TASK REQUIREMENTS >>
Everything from the line containing "2924 Sundance Ln, Cantonment, FL" to the last line of the listing below should be restated exactly, both ends included, with nothing added and the pictures omitted.

RECORD EXCERPTS >>
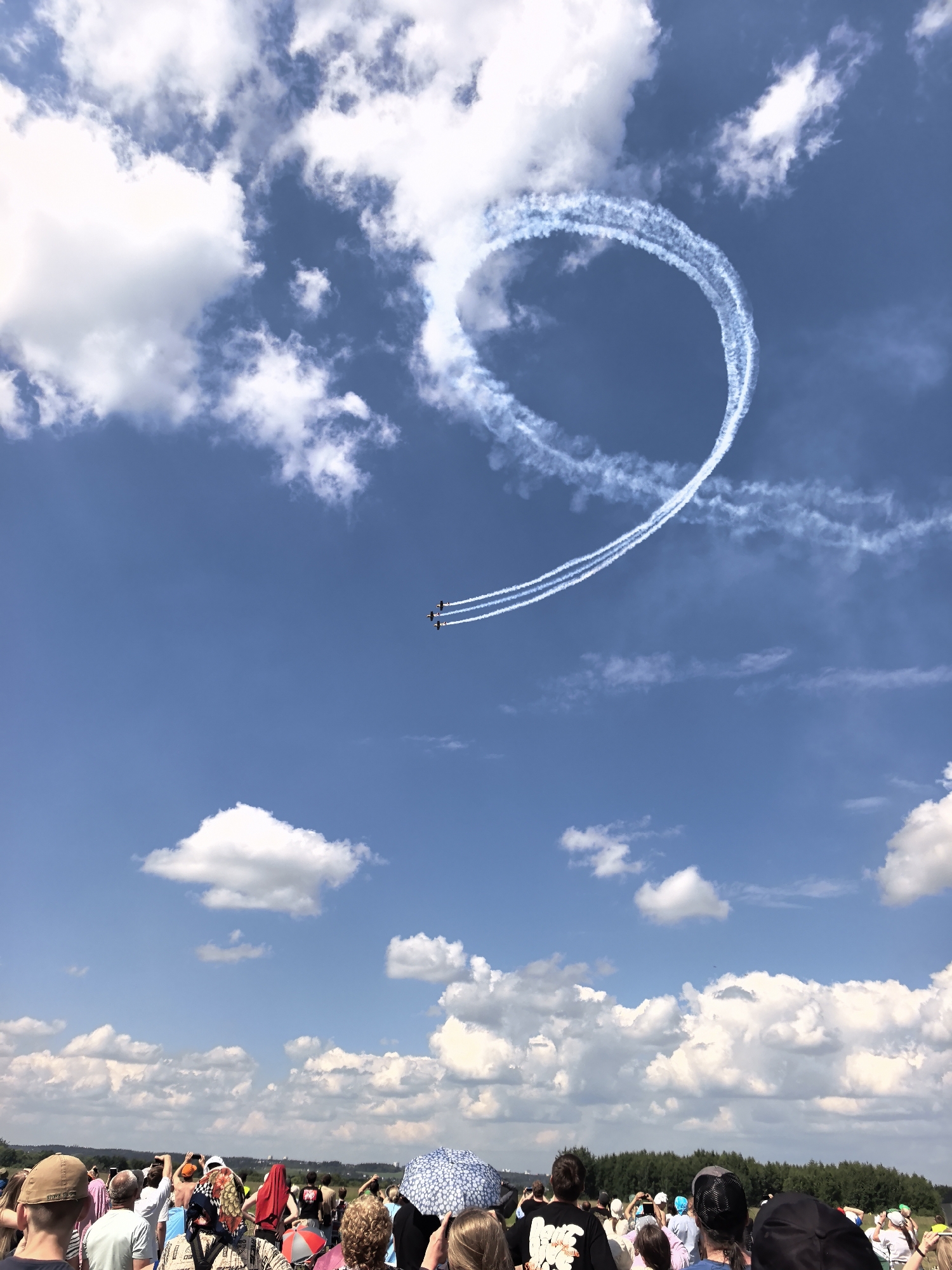 An aerial display is taking place under a bright blue sky with scattered white clouds. Three small, dark planes fly in formation, trailing white smoke that forms a large, incomplete circle in the sky. The planes are positioned in the upper right quadrant of the image. The foreground shows a crowd of people gathered, facing away from the camera and towards the sky, presumably to watch the air show. They are standing in a field with a line of trees visible in the distance.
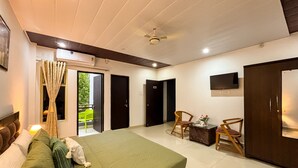 Habitación de hotel con cama, televisor en la pared, ventilador de techo y ventana con cortinas.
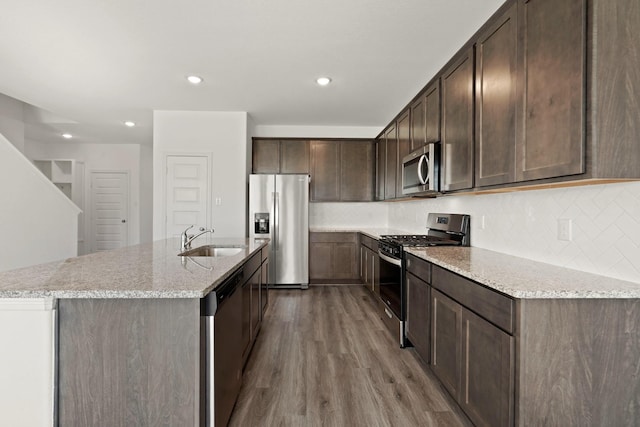 kitchen with sink, stainless steel appliances, dark brown cabinetry, light stone counters, and wood-type flooring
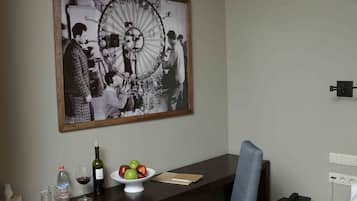 Habitación de hotel con escritorio, silla y una fotografía grande en blanco y negro en la pared.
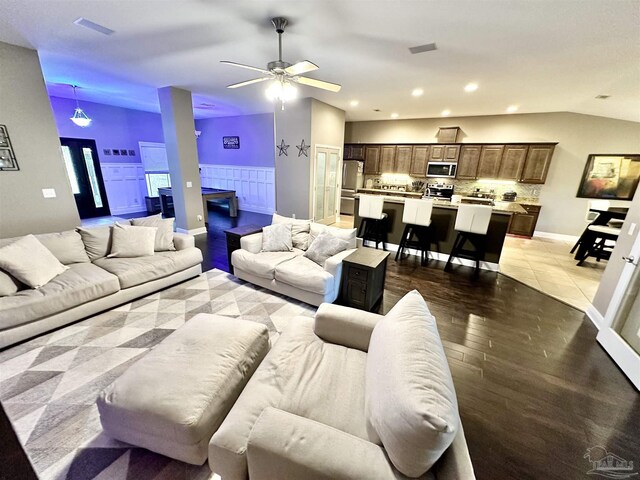 2924 Sundance Ln, Cantonment, FL 32533 - living area with ceiling fan, recessed lighting, light wood-style floors, and vaulted ceiling
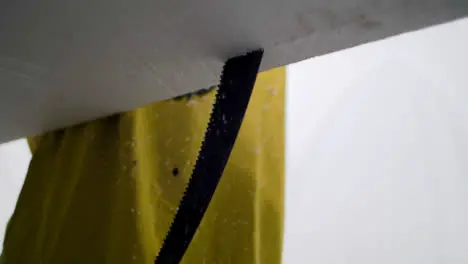 Handheld Close Up Shot of a Saw Cutting Through a Polystyrene Surfboard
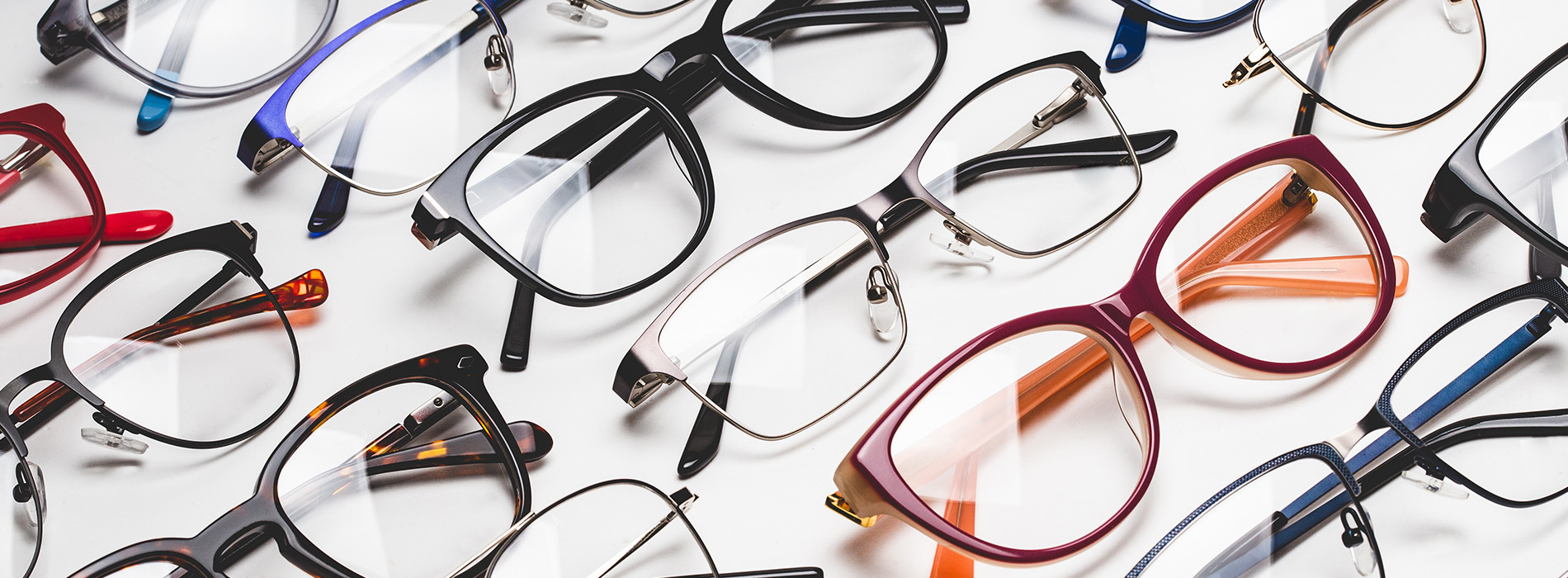 The image shows a collection of eyeglasses with various frame colors displayed against a white background.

RESPONSE AREA >>
 2924 Sundance Ln, Cantonment, FL 32533 - living area with ceiling fan, recessed lighting, light wood-style floors, and vaulted ceiling
 Handheld Close Up Shot of a Saw Cutting Through a Polystyrene Surfboard
 The image shows a collection of eyeglasses with various frame colors displayed against a white background.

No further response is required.